Não entrem em pânico, por favor
Espero que gostem desse capítulo ;D

Capítulo 40 - Epílogo


Fanfic / Fanfiction A Rainha da Neve - Capítulo 40 - Epílogo

Dois dias. Foi o tempo que ficou sem ver Ryland e ele sem falar com ela.

Nesse meio tempo, Lynae passou caminhando por todo o castelo e descobrindo os lugares onde nunca tinha ido. A biblioteca ficava na ala leste; era muito grande, tinha dois andares e cheirava a papel, madeira encerada e pinho, que deveria ser o cheiro do produto de limpeza usado ali.

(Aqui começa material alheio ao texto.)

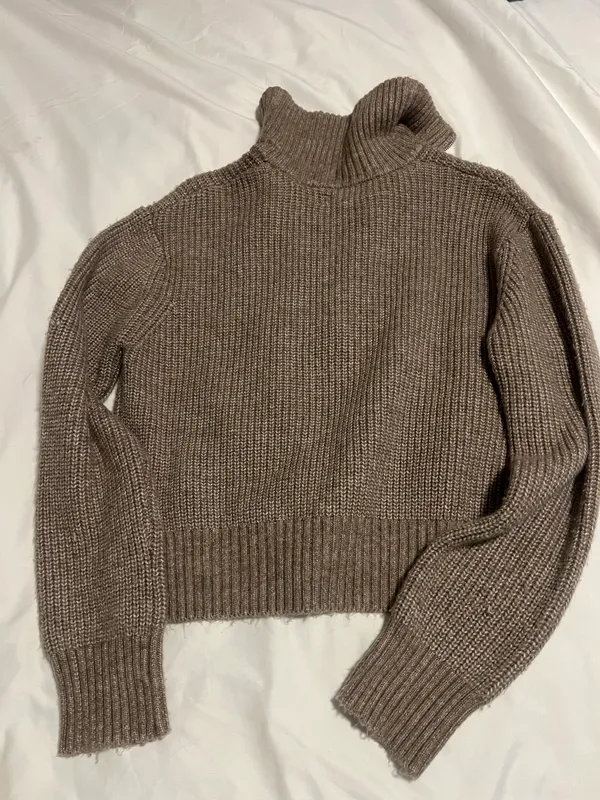 sweater - Image 2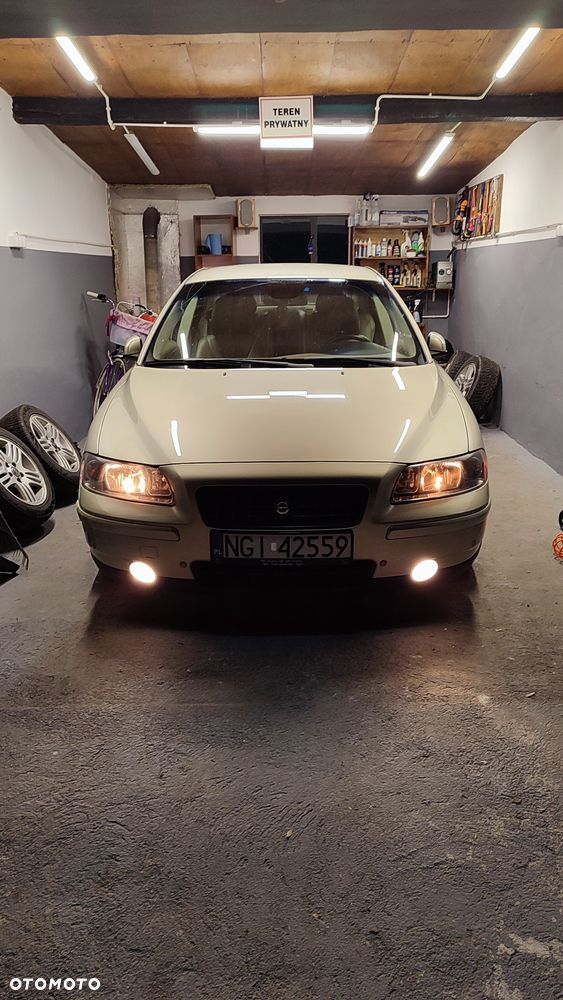 Volvo S60 - 4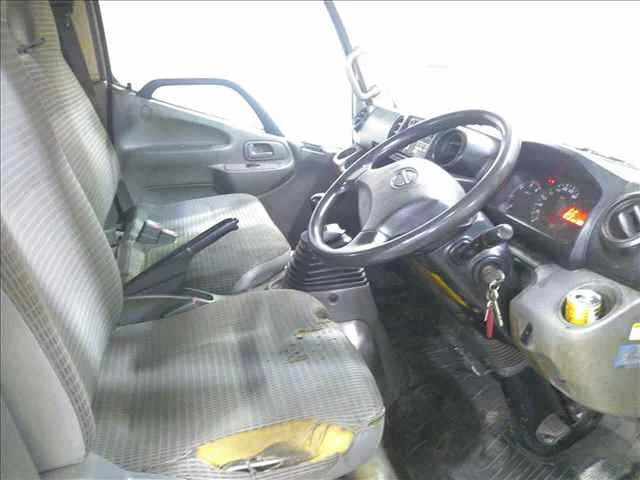 Hino Dutro  с аукциона в Японии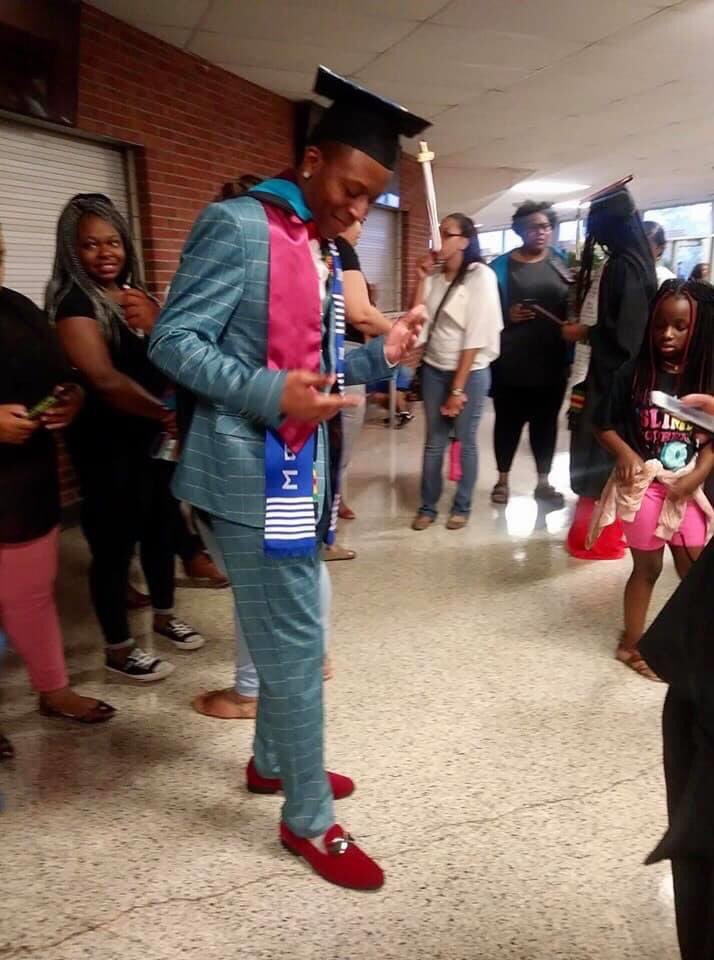 talkswithtrell's tweet photo. I can’t to start dressing up again...
#ΦΒΣ #1914 #ΙΔ #DapperMAB #GOMAB https://t.co/7UzeZxExZ9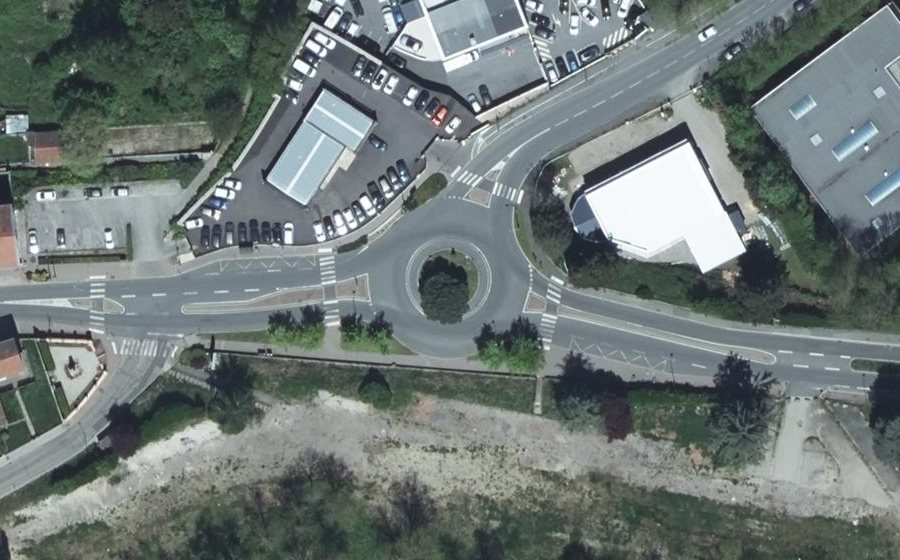 Vue aérienne du Rond-point anonyme n°40691428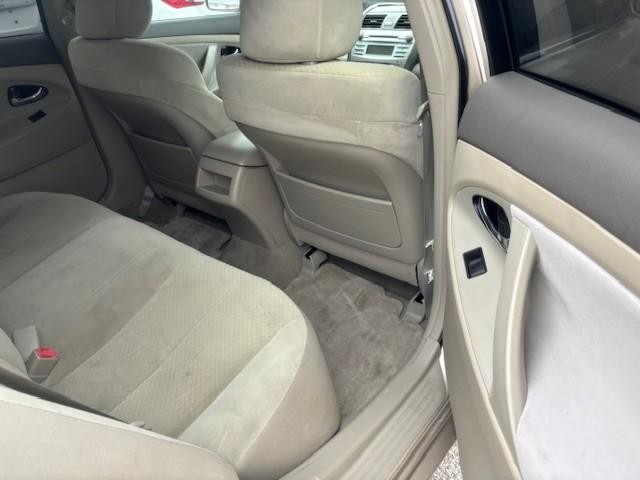 Toyota Camry Vehicle Image 15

Na ala sul havia uma pequena capela muito bonita com bancos de madeira brilhante, vitrais de anjos, um altar com imagens de santos e de Jesus Cristo; ela podia não acreditar, mas ainda assim achava bonito. No topo da torre da ala norte havia uma sala com teto abobadado, um projetor que mostrava os planetas e um enorme telescópio na sacada de pedra, apontado para o céu.

Era um castelo lindo que o rei Edward tinha projetado para ser um maravilhoso lar para todos os seus filhos.

Lynae estava na praia na encosta do castelo. Estava usando um vestido azul claro de alcinha feito com um tecido leve, que dançava suavemente em seu corpo, batendo levemente contra suas coxas expostas. Ela caminhava pela beira da água, os pés mergulhados nela, tremulando ao redor de seu tornozelo conforme ela andava.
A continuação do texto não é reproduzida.